Aim of the exercise. Repeat exactly what runs from the line containing "Сasa de vacaciones 2 Bedroom Awesome In *" through the last line of the material below. Do not copy the pictures.
Segment Start: Material to process
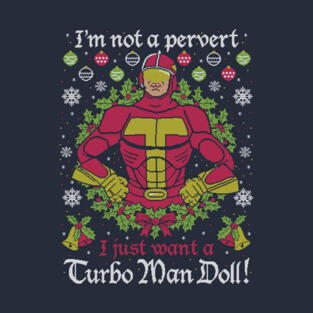 I'm Not a Pervert! T-Shirt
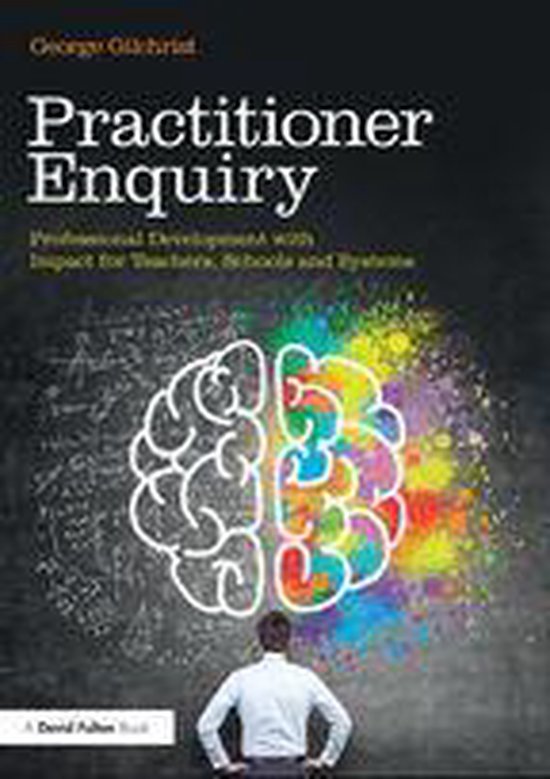 Practitioner Enquiry - cover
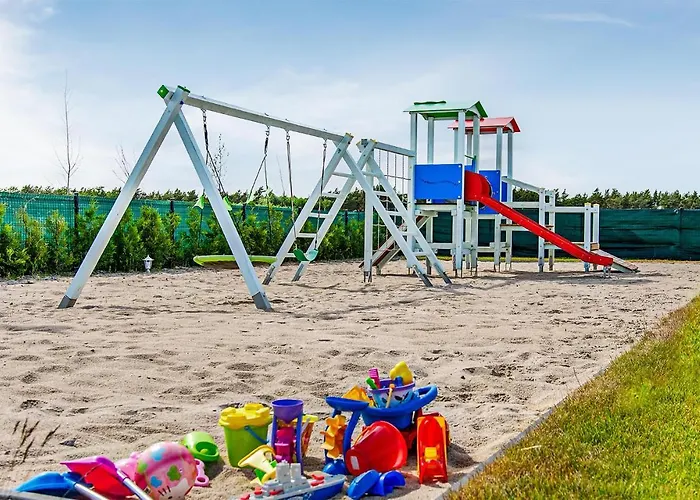 Сasa de vacaciones 2 Bedroom Awesome In *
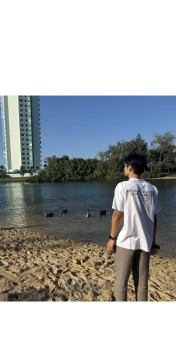 M For F, 27, Australia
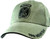 US ARMY 10th MOUNTAIN Division - U.S. Army OD Green Military Baseball Cap Hat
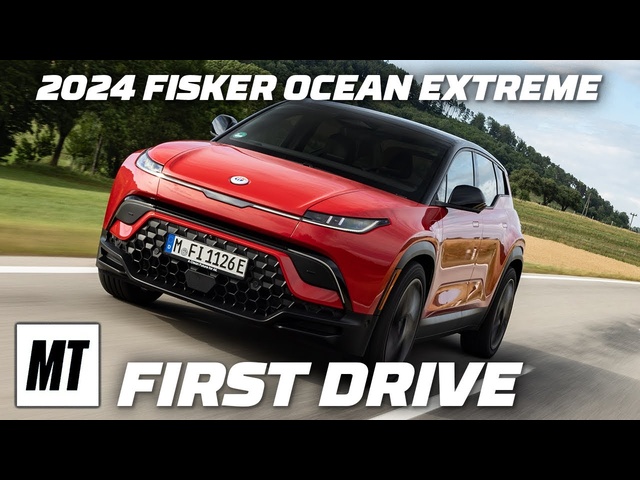 First Drive: <em>Fisker</em> Ocean | MotorTrend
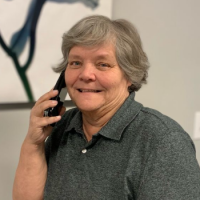 Deborah Enderli - Professional headshot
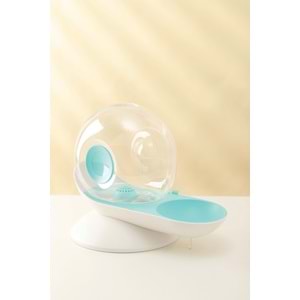 60501199 M-PETS SNAIL HAZNELİ SU KABI BLUE 2800ML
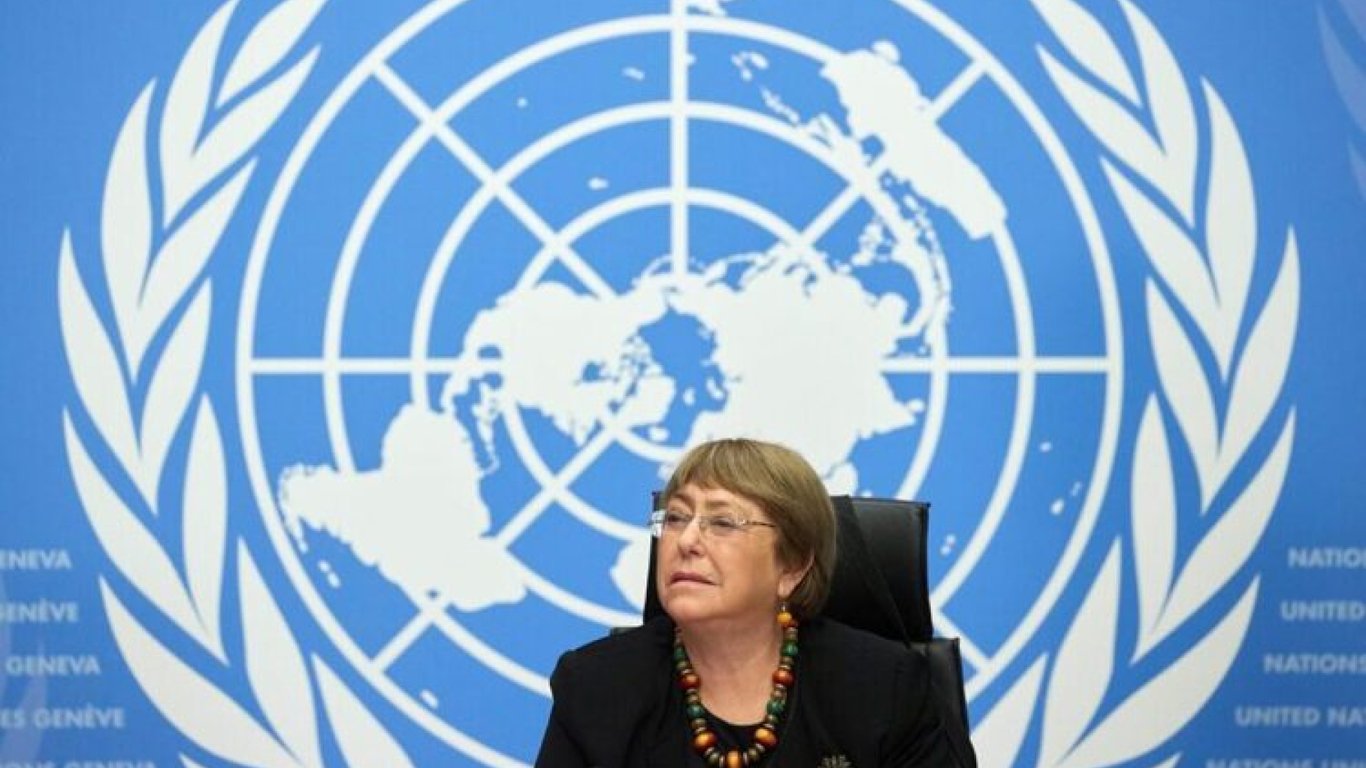 ООН представила отчет о ситуации в Украине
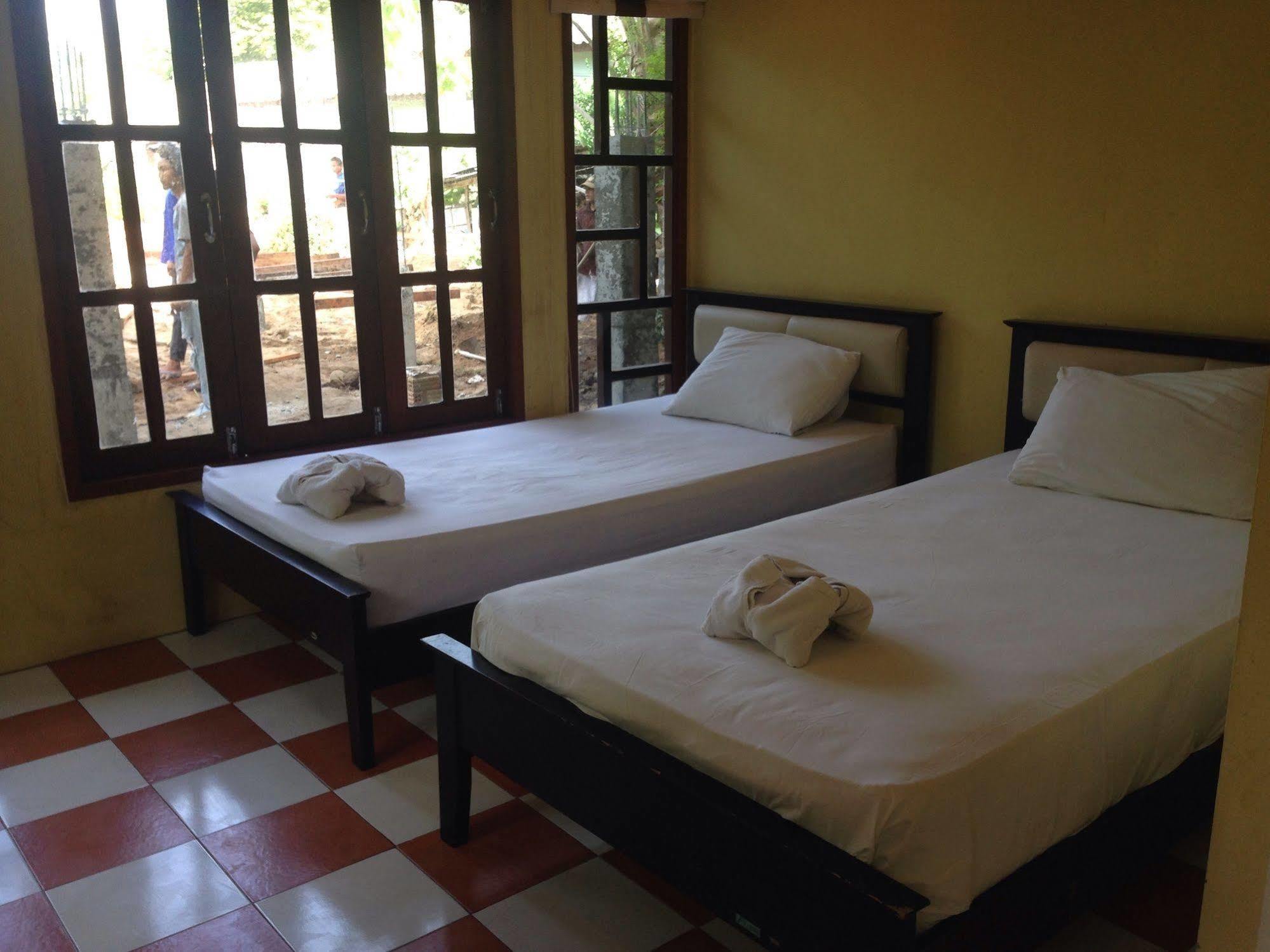 Hut Sun Bungalow Haad Son 외부 사진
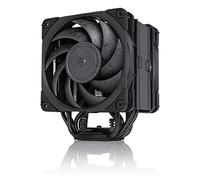 Noctua NH-U12A chromax.black, 120mm Single-Tower CPU Cooler (Black)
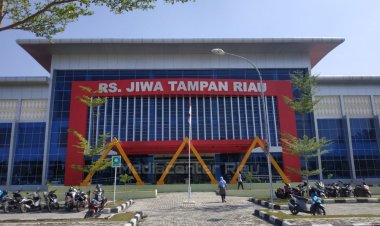 Berobat TBC Gratis Sampai Sembuh di Rumah Sakit Jiwa Tampan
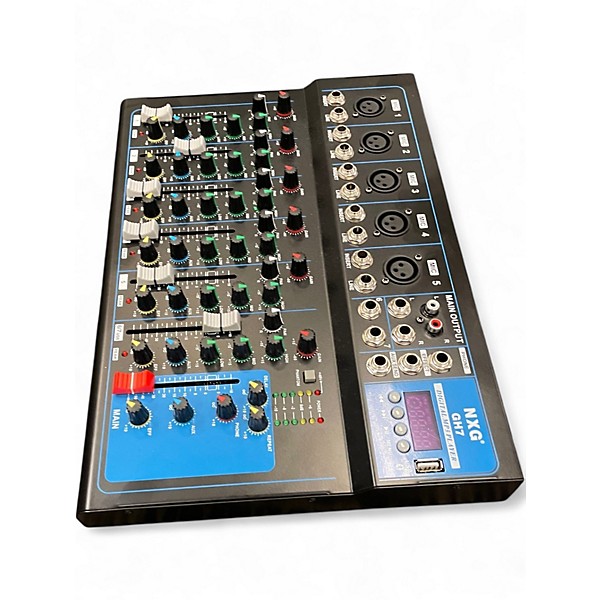 Used Nxg GH7 Unpowered Mixer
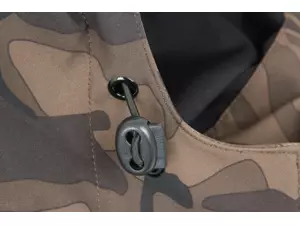 FOX CHUNK Bunda Softshell Hoody Camo Edition VÝPRODEJ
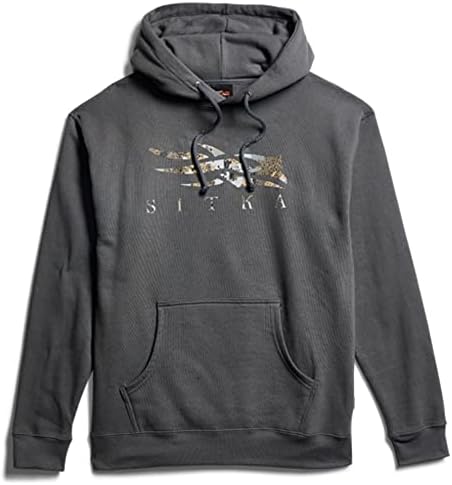 Икона за машка икона на Sitka Gear Optifade Pullover Hoody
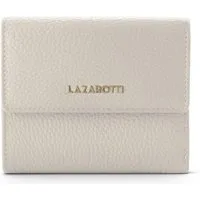 Lazarotti Geldbörse Bologna Leather Geldbörse Leder 12 cm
Segment End: Material to process
Answer.
 Сasa de vacaciones 2 Bedroom Awesome In *
 M For F, 27, Australia
 US ARMY 10th MOUNTAIN Division - U.S. Army OD Green Military Baseball Cap Hat
 First Drive: <em>Fisker</em> Ocean | MotorTrend
 Deborah Enderli - Professional headshot
 60501199 M-PETS SNAIL HAZNELİ SU KABI BLUE 2800ML
 ООН представила отчет о ситуации в Украине
 Hut Sun Bungalow Haad Son 외부 사진
 Noctua NH-U12A chromax.black, 120mm Single-Tower CPU Cooler (Black)
 Berobat TBC Gratis Sampai Sembuh di Rumah Sakit Jiwa Tampan
 Used Nxg GH7 Unpowered Mixer
 FOX CHUNK Bunda Softshell Hoody Camo Edition VÝPRODEJ
 Икона за машка икона на Sitka Gear Optifade Pullover Hoody
 Lazarotti Geldbörse Bologna Leather Geldbörse Leder 12 cm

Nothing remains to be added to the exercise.